Un mezzo naturale, senza bisogno di farmaci quindi, per contrastare le complicanze dell’eccessiva respirazione, consiste nell’effettuare quello che si chiama: “training respiratorio”, cioè acquisire consapevolezza e addestrarsi ad una respirazione appropriata alle richieste metaboliche. Un modo molto efficace per portare avanti un training respiratorio è quello di affidarsi a un professionista che pratica Il biofeedback. Cioè grazie a una particolare strumentazione la tua respirazione verrà monitorata, il macchinario rimanderà allo stesso tempo dei feedback, cioè si potrà vedere in tempo reale quali sono gli aspetti della respirazione che necessitano di essere modificati e, grazie a dei particolari esercizi, ti potrai addestrare alla respirazione ottimale. Le indicazioni che mi sento di darti in questa sede sono, per ovvi motivi più semplici, ma potresti lo stesso trarre grande giovamento da quello che sto per dirti. Devi sapere che in condizioni di riposo la maggior parte dell’aria spostata, (almeno il 75% dell’aria spostata) deve essere a carico del diaframma. Il diaframma è una cupola muscolo-tendinea che separa il torace dall’addome.

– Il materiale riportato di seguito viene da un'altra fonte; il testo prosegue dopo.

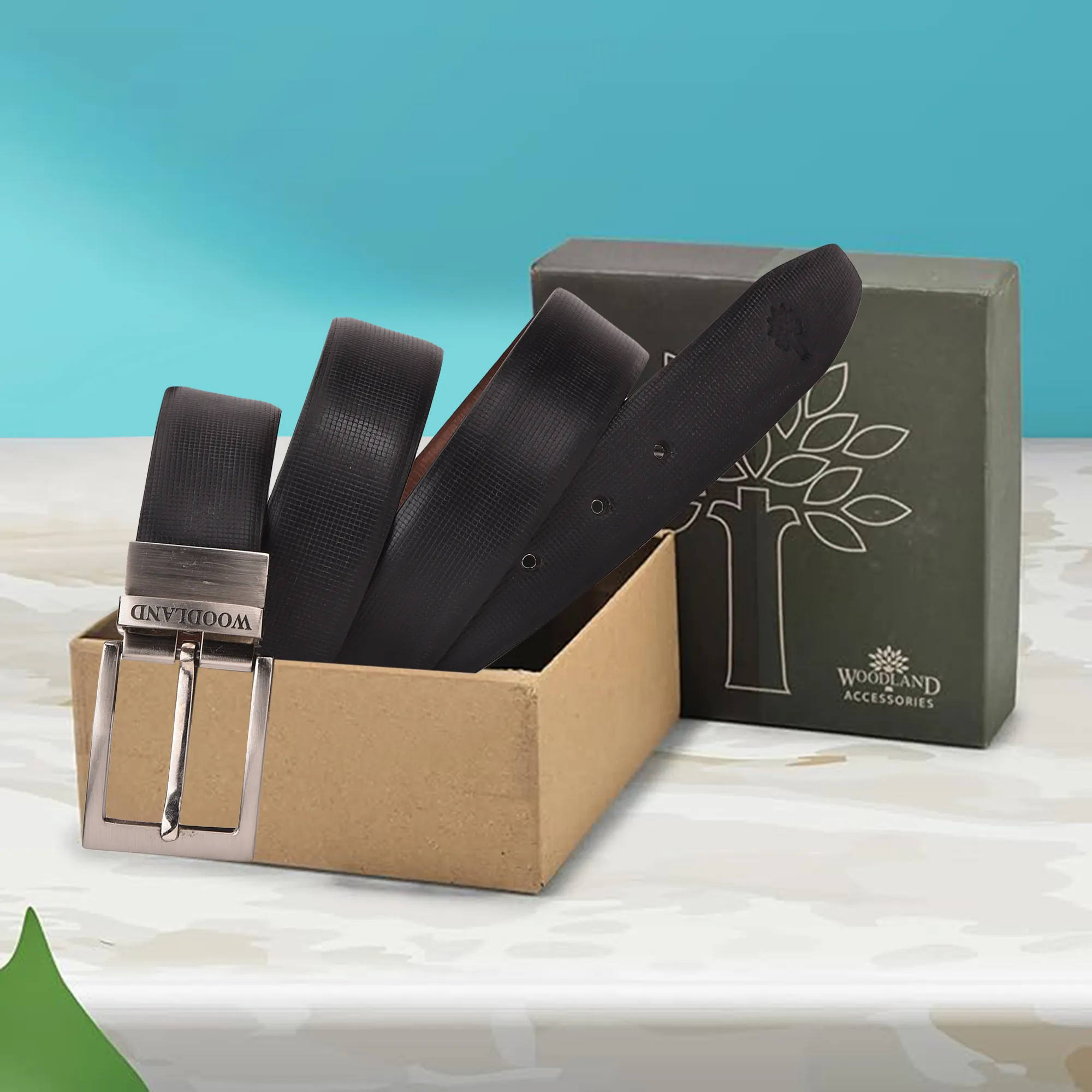 Woodland Black/Tan Reversible Leather Belt - Thumbnail 4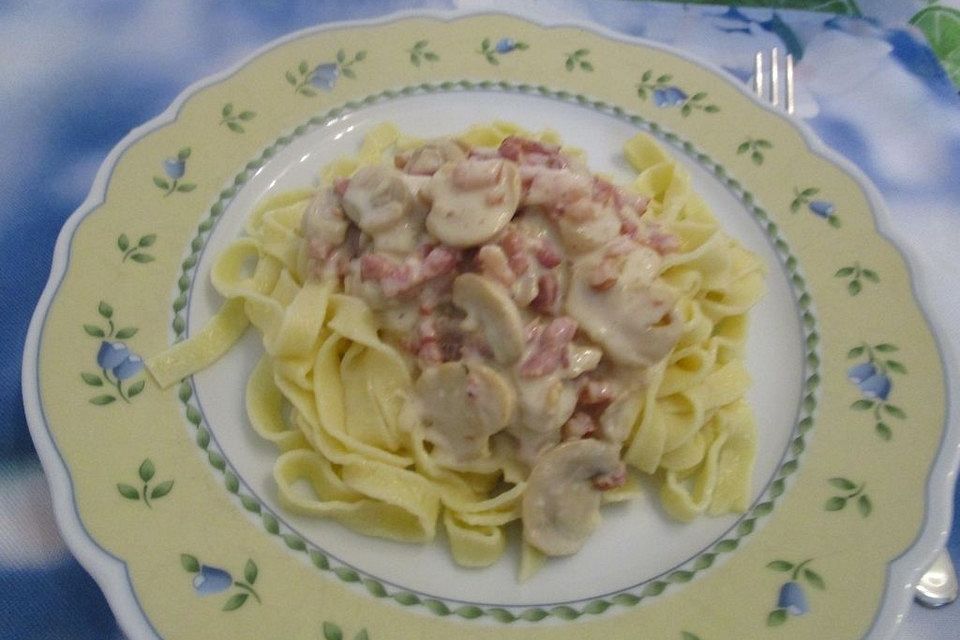 Schnelle Nudelsoße mit Speck, Champignons und Zwiebeln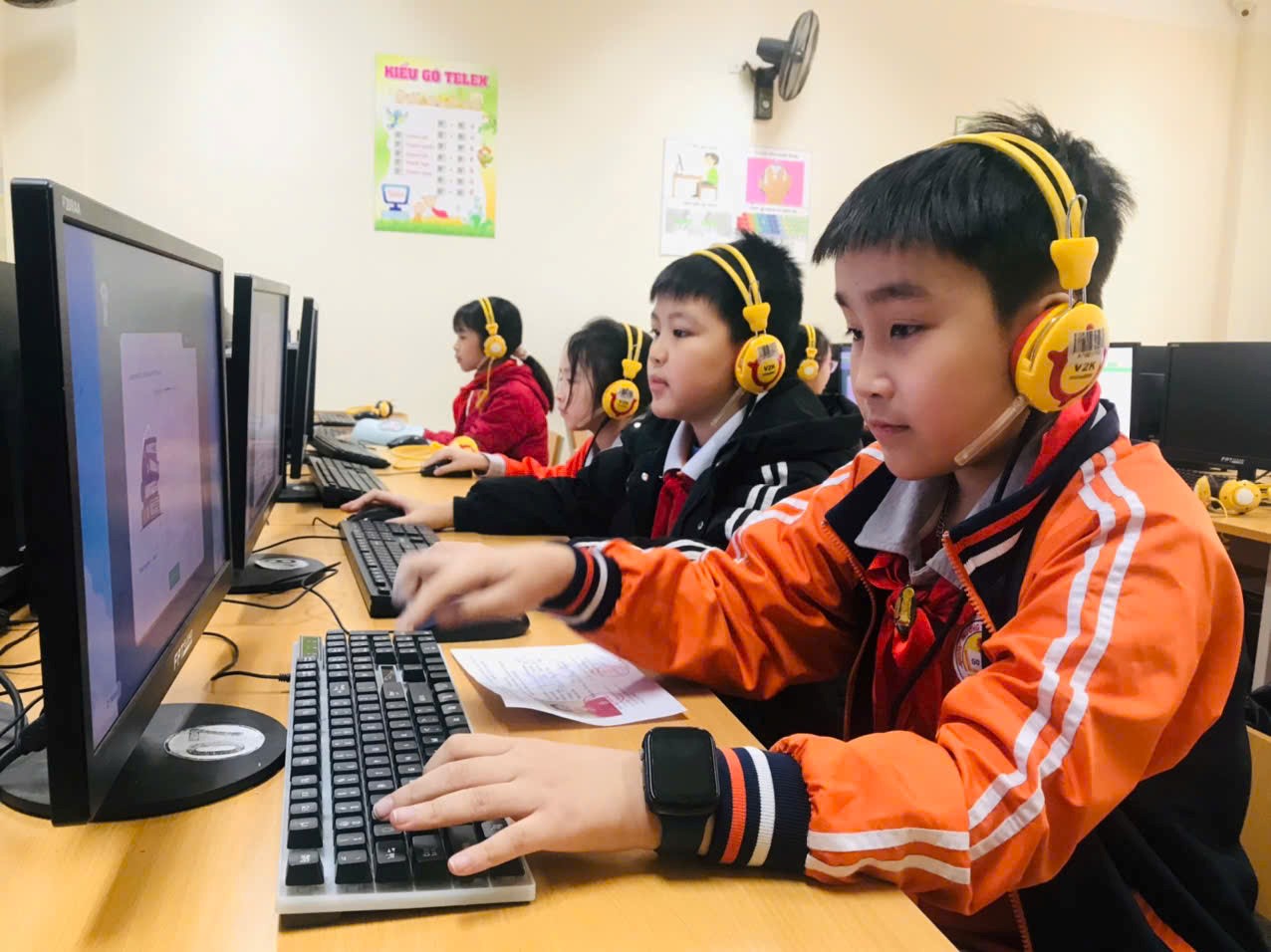 Học sinh Khối 4, 5 Trường Tiểu học Thành Công A hào hứng tham gia vòng Chung kết sân chơi "Đấu trường Tiếng Anh" quận Ba Đình năm học 2024-2025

La prima indicazione generica che mi sento di darti è quella di abituarti, quando sei in condizioni di riposo, a fare dei respiri lenti, cioè con la frequenza respiratoria ridotta, e “bassi” cioè localizzati proprio nella zona del diaframma.
La frequenza respiratoria deve essere lenta per evitare di avere delle sensazioni di leggero stordimento causate proprio dall’ iperventilazione ma, non esagerare nell’azione di rallentamento perché se esageri potresti avere come la sensazione di fiato corto, mancanza d’aria. Quindi calibra la frequenza respiratoria facendo in modo di evitare sia l’iperventilazione, sia la “fame d’aria”. Fai in modo che il tempo dell’espirazione sia più lungo di quello dell’inspirazione (orientativamente in un rapporto di 60% per l’espirazione e un 40% per l’inspirazione). Fai in modo di distribuire in modo uniforme, senza accelerazioni, l’aria in entrata, durante l’inspirazione e, in uscita durante l’espirazione. Ad ogni espirazione assicurati di svuotare completamente tutta l’aria dai polmoni. E’ stato visto che è una cosa molto utile anche introdurre delle piccole pause, un secondo circa, sia a fine inspirazione sia a fine di espirazione. Buona pratica.